Either way, the CTA would be required to obtain right-of-way from the railroad, Davis said. Another question is whether UP owns a wide enough right-of-way to allow another set of tracks to be built.
“From a safety standpoint, putting a commuter train next to freight lines — you need wider areas,” Davis said.
Mayor Rahm Emanuel campaigned on a promise to rebuild the 95th Street station and extend the Red Line South to 130th Street.
Now that the possible routes have been narrowed from five to two, the next step is an exhaustive set of community hearings to decide which option South Side residents favor and how much parking they want at each station.
The biggest question is whether the CTA can persuade the federal government to bankroll the $2 billion project.
Beale believes the chances are good and not just because of the clout Emanuel carries as a former North Side congressman who served as White House chief of staff under President Barack Obama.
“That’s a huge ask from the federal government.
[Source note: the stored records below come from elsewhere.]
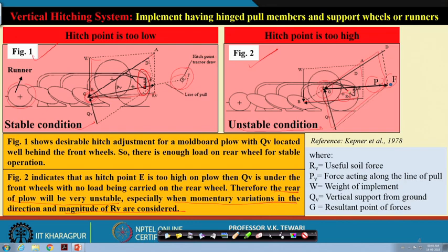There will definitely be some depth in the unstable case, but uniform depth will not be maintained, although both are hitched implements. It is important to understand that if the hitching of these implements is done at the proper location on the drawbar, you will get a stable condition. Stable condition helps maintain uniform depth of operation, while unstable condition will not allow the runner to maintain depth, and will cause unnecessary load on the implement.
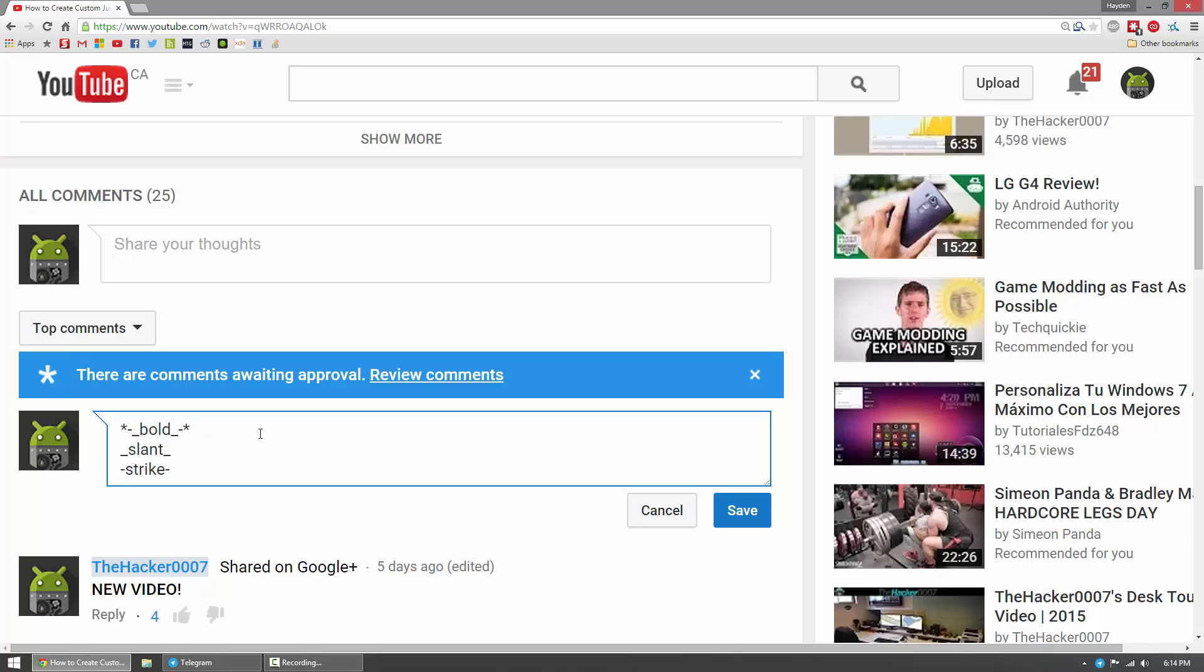Anyways guys, thanks for watching, hope you guys did enjoy. If you did, leave a like and of course go ahead and try that out on the comment section below here. This is the HackerTriple07, and I'm signing off.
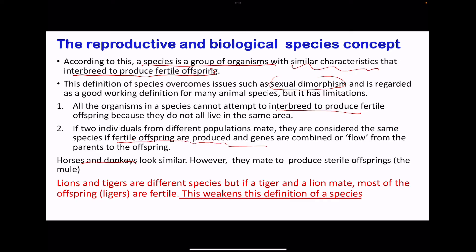Looking at the case of donkeys and horses — they look similar, but when they meet they do not produce fertile offspring. So based on the reproductive and biological concept, we do not classify them as the same species. However, some organisms that belong to different species, such as lions and tigers, can form ligers that are actually fertile. This weakens the definition of a species based on the reproductive and biological concept, so we need to look for another suitable way of defining what a species is.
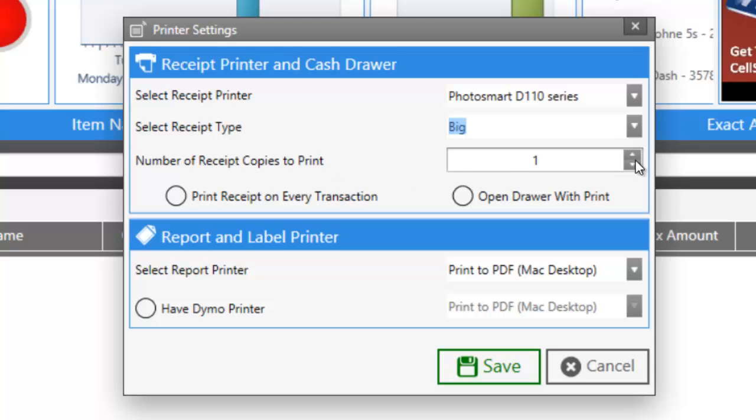We can change the number of receipt copies we want each time we print. We can choose to print a receipt after every transaction and to open the drawer with every print, if our cash drawer is connected to our receipt printer.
But, we’ve been talking about the Red Line extension since I was a kid. Since I’ve been chairman, I’ve made this a priority. So has the mayor. I have all the confidence in the world it’s going to happen,” Beale said.
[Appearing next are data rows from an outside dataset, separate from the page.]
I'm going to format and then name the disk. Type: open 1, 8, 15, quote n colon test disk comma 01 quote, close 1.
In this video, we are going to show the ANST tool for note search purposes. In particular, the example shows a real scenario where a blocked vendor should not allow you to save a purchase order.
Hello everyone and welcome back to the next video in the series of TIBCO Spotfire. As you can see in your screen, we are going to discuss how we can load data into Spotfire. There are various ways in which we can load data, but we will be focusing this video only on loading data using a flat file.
“95th Street is not the end of the city.”
If federal funding falls short, Beale said the Red Line extension could be a candidate for Emanuel’s much-ballyhooed Infrastructure Trust to persuade private investors to bankroll projects Chicago can’t afford to build on its own.
That option would likely require CTA riders to pay higher fees to guarantee private investors an attractive return on their money.
“If we have to, we can look at it, but only if it’s the only way,” Beale said.